When I was little Mom made most of her purchases at O’Neil’s Department store, right there on Main Street and directly across from Polsky’s, the other major department store. Shoes, socks, clothing, linens, furniture…if we needed it, Mom went to O’Neil’s. The clerk would stack the selections on the counter, write up a bill, ring it on the cash register, and then ask “Will that be cash or charge?” Sometimes Mom took cash from her billfold; sometimes she took out the little blue leatherette case that held her revolving charge card, a small piece of metal the size of a dog tag. The card went on an imprinter, the top of the written bill went over the card, the handle was pushed down and mother’s name and address imprinted on the top of the bill. Then the card and the bill went into a metal cylinder and were whisked away by a pneumatic tube, off to the credit office. The clerk bagged the purchases and chatted with mom, the cylinder whooshed back in the pneumatic tube, credit approved. Mom signed the bottom and home we went.

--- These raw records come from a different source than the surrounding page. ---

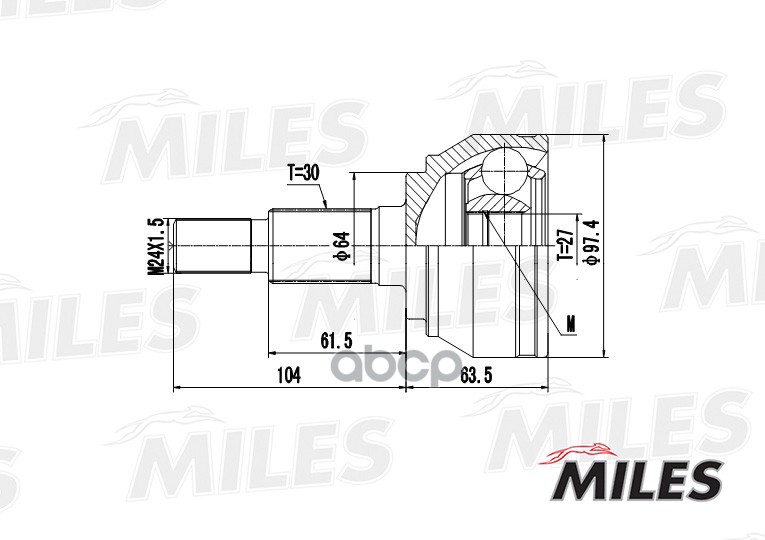 

Шрус Miles GA20532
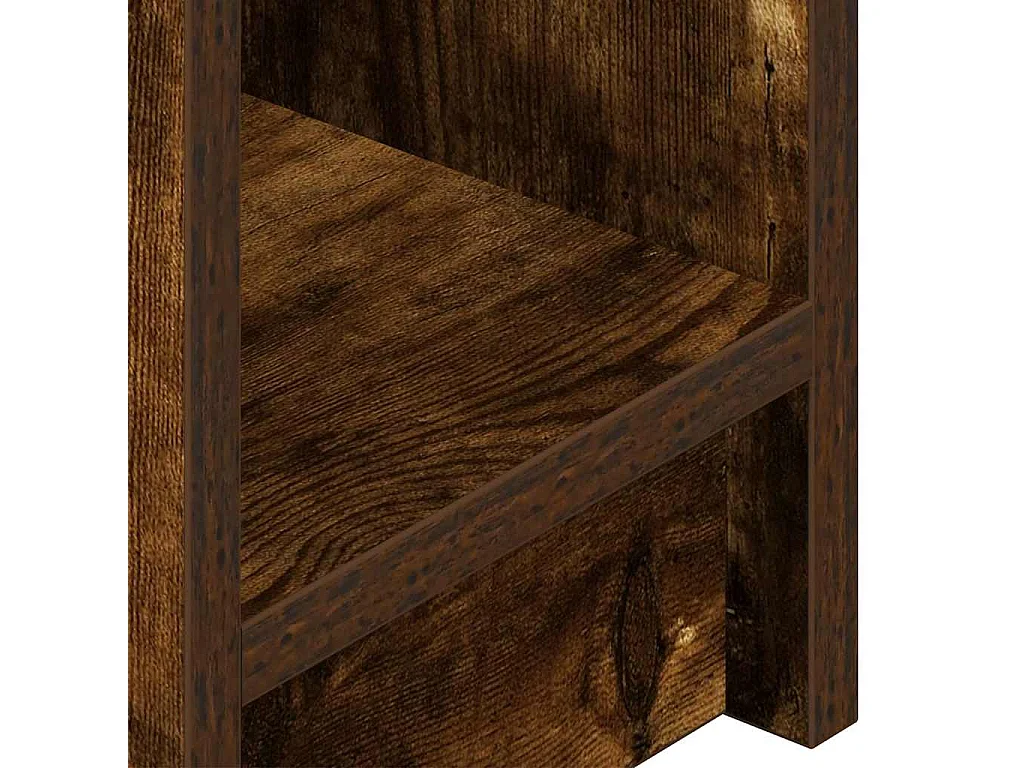 Mesita de noche con cajón roble ahumado 20x36x60 cm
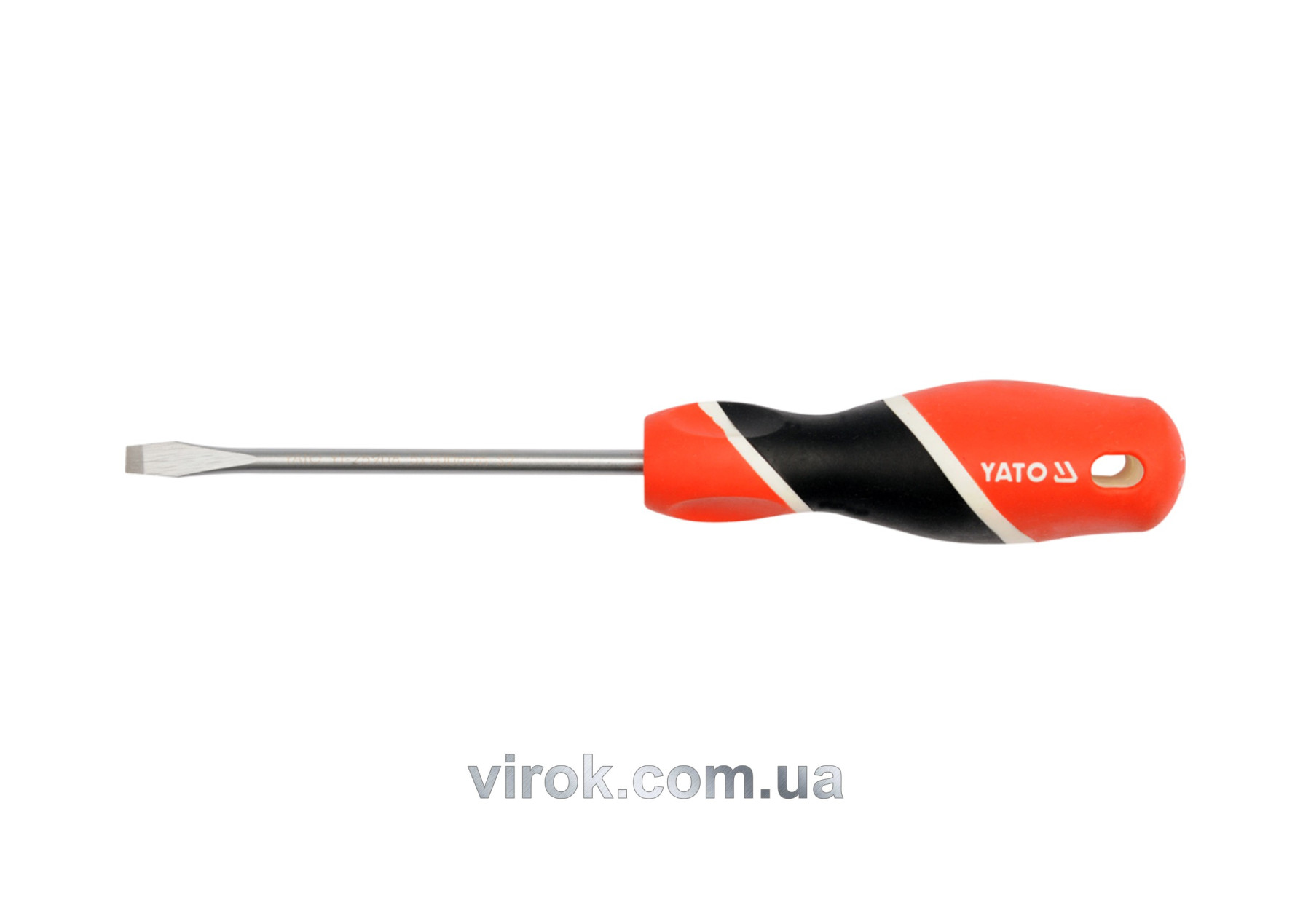 f6d4e0fc-ca8b-11e5-e598-8e887ee7bcbd_1.jpeg Викрутка плоский шліц YATO 5mm L-100mm - Зображення 1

Fast forward twenty or so years; I was a young mother and the store was Higbee’s in Cleveland. Beth was just two, Shelly was imminently due and we were in the dry goods department. I couldn’t find what I wanted, so I took Beth’s hand and set off for the down escalator. Just as I had both feet and a very pregnant belly on the escalator, ready to get her onto the step too, Beth yelled “My purse, my purse!”, wrenched her hand away and ran into the crowd. Every mother’s nightmare. I rode down the slow, rackety wooden steps, swung around and got straight on the slow, rackety wooden up escalator. I found her in the middle of dry goods, looking around and realizing at last she was lost, but clutching the little purse she had set down. We set off again to the lower floor, where I made my final selection and laid it on the counter. Beth and the clerk chatted like old friends as my purchase was rung up. Beth flipped my blouse up to my chest and told the clerk “There’s a baby in here.” I pulled myself back together and took my purse off my shoulder as the clerk asked “Will that be cash or charge?”
“Charge, please,” said Beth, opening her purse and handing a red seat belt retractor up to the counter. The clerk gravely took it, completed and bagged the purchase and handed Beth back her charge card. “You take good care of that baby.”